Second, the fascination with synergistic effects that has gripped the endocrine disruptor field in the wake of the paper by Arnold et al. (1996) is misguided. It has led to a disregard of the significance of seemingly unspectacular additive combination effects. Our results show clearly that additivity is important and deserves serious attention in the assessment of chemicals with estrogenic activity.
Third, by not taking combination effects into account, significant underestimations of the effects associated with exposure to xenoestrogens are likely. In our experimental model, we have demonstrated in principle that every xenoestrogen, however weak, may add incrementally to the total estrogenic effect, even at very low concentrations, and even in the presence of potent endogenous steroidal estrogens. Although the limitations of our assay system are obvious (it is unable to model antiestrogenic effects and transcriptional activation in different cellular contexts), it is safe to conclude that the discourse about endocrine disruptors cannot be limited to single agents and their effects.
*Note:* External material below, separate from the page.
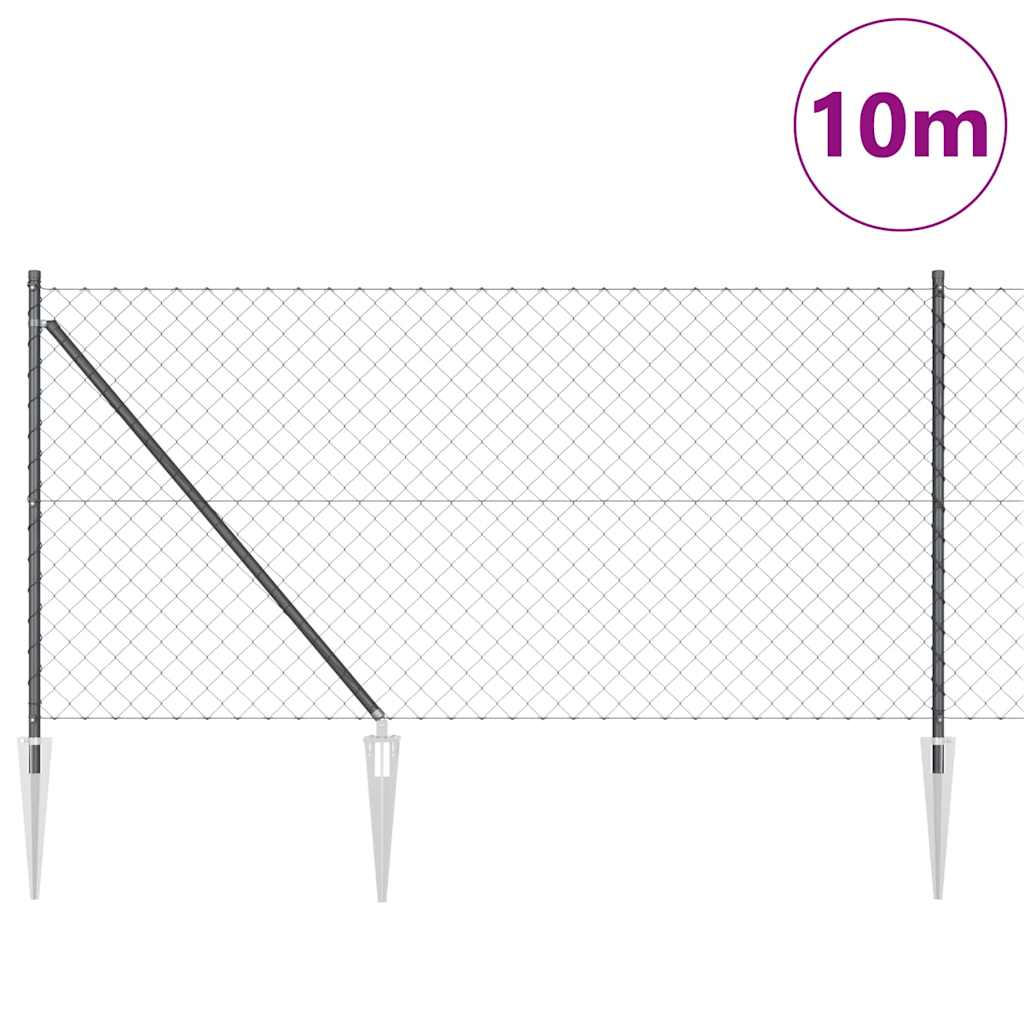 Tüskés láncszem kerítés 10 x 1 m PVC-bevonatos acél Szürke Háló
There have been reports of low-dose effects of estrogenic chemicals (Howdeshell et al. 1999; vom Saal et al. 1997). In most cases, however, the outcome of single-agent hazard and risk assessment exercises is the conclusion that individual estrogenic chemicals pose no hazard because they are present at very low, apparently ineffective levels in humans and wildlife. A more balanced approach to risk assessment is required. It is imperative to take stock of the total estrogenic burden of humans and wildlife and assess systematically the possible influence of environmentally relevant agents that may have the ability to neutralize the effects of estrogens.